──────── Provided material ────────

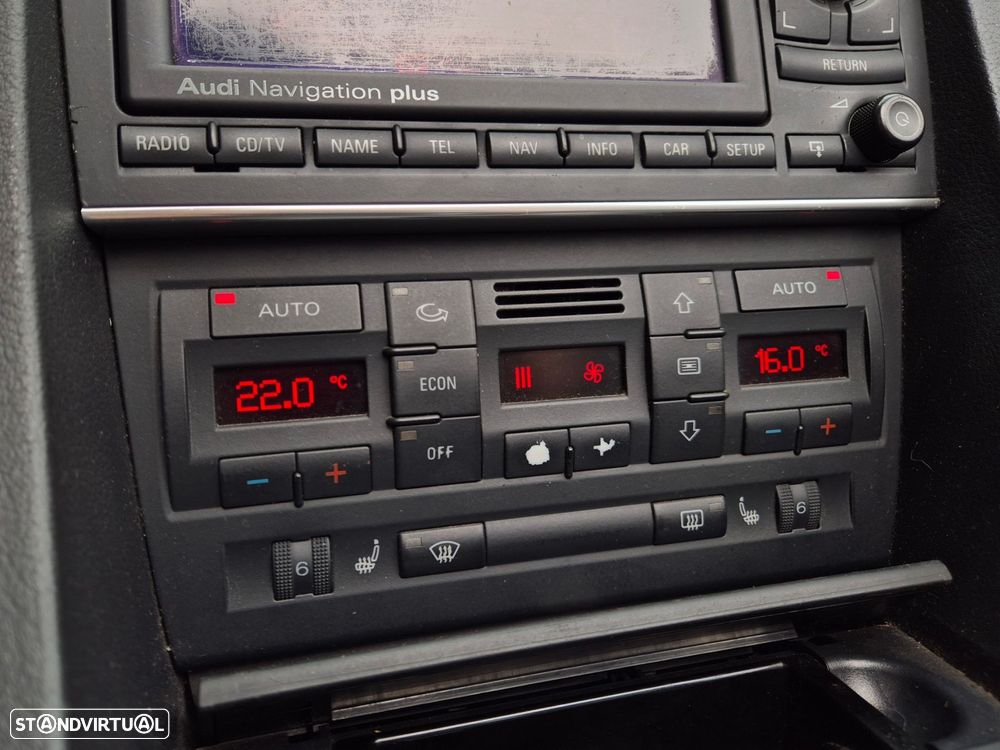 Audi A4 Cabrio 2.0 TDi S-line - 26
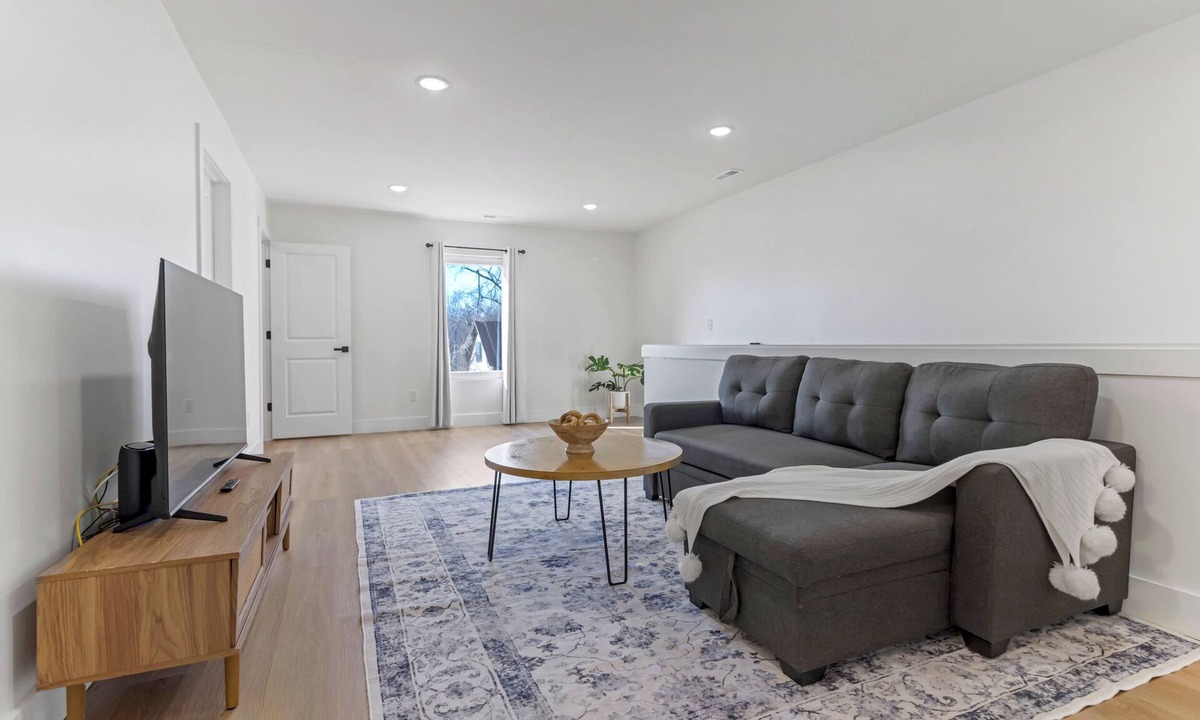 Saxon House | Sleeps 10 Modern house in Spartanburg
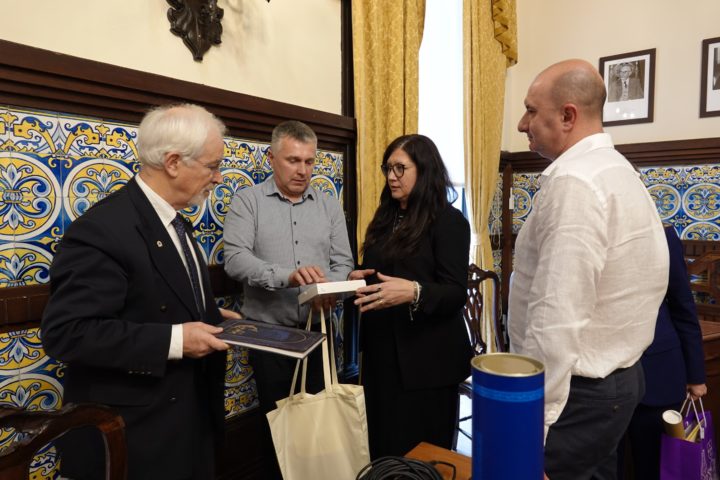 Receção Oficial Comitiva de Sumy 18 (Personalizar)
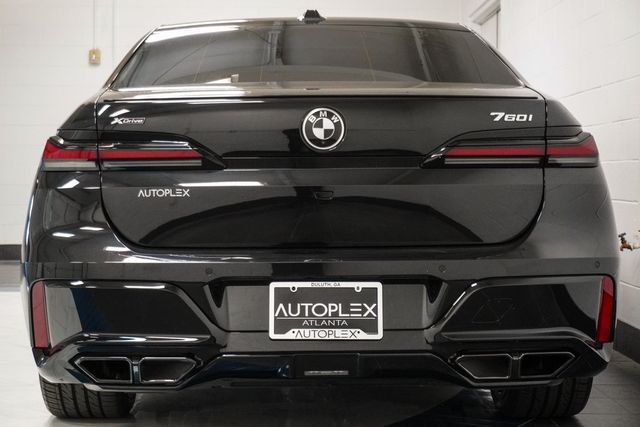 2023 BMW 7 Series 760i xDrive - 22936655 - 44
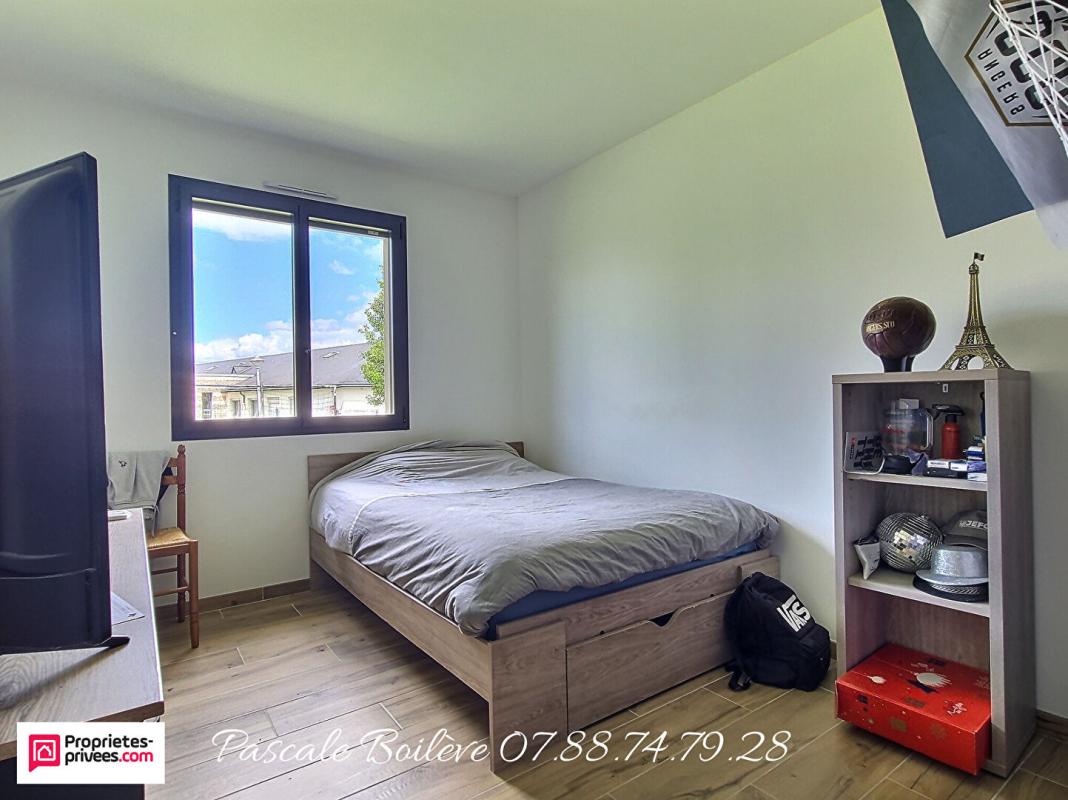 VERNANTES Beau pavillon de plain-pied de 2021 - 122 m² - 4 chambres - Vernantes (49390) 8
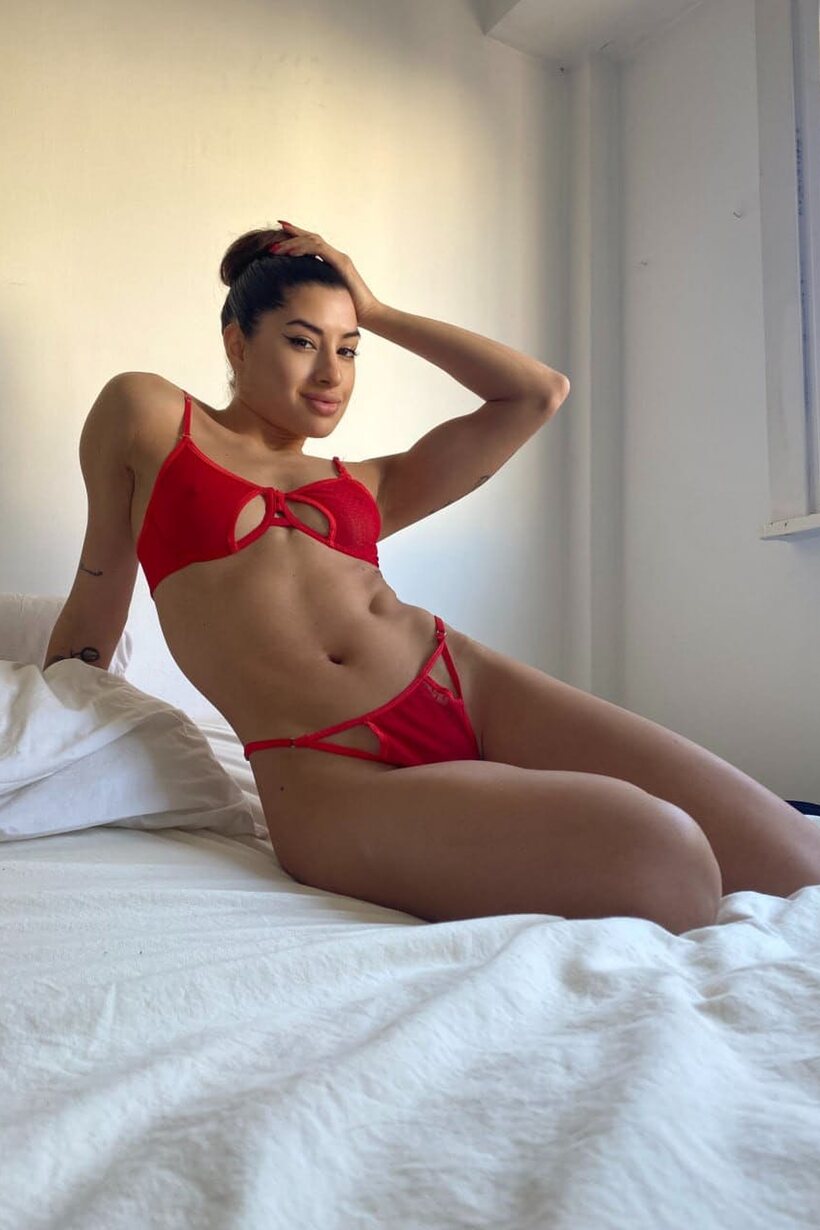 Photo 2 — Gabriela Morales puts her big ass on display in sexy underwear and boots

────────

**Your instructions:**
Repeat the material exactly and drop each image.

**Response below:**
 Audi A4 Cabrio 2.0 TDi S-line - 26
 Saxon House | Sleeps 10 Modern house in Spartanburg
 Receção Oficial Comitiva de Sumy 18 (Personalizar)
 2023 BMW 7 Series 760i xDrive - 22936655 - 44
 VERNANTES Beau pavillon de plain-pied de 2021 - 122 m² - 4 chambres - Vernantes (49390) 8
 Photo 2 — Gabriela Morales puts her big ass on display in sexy underwear and boots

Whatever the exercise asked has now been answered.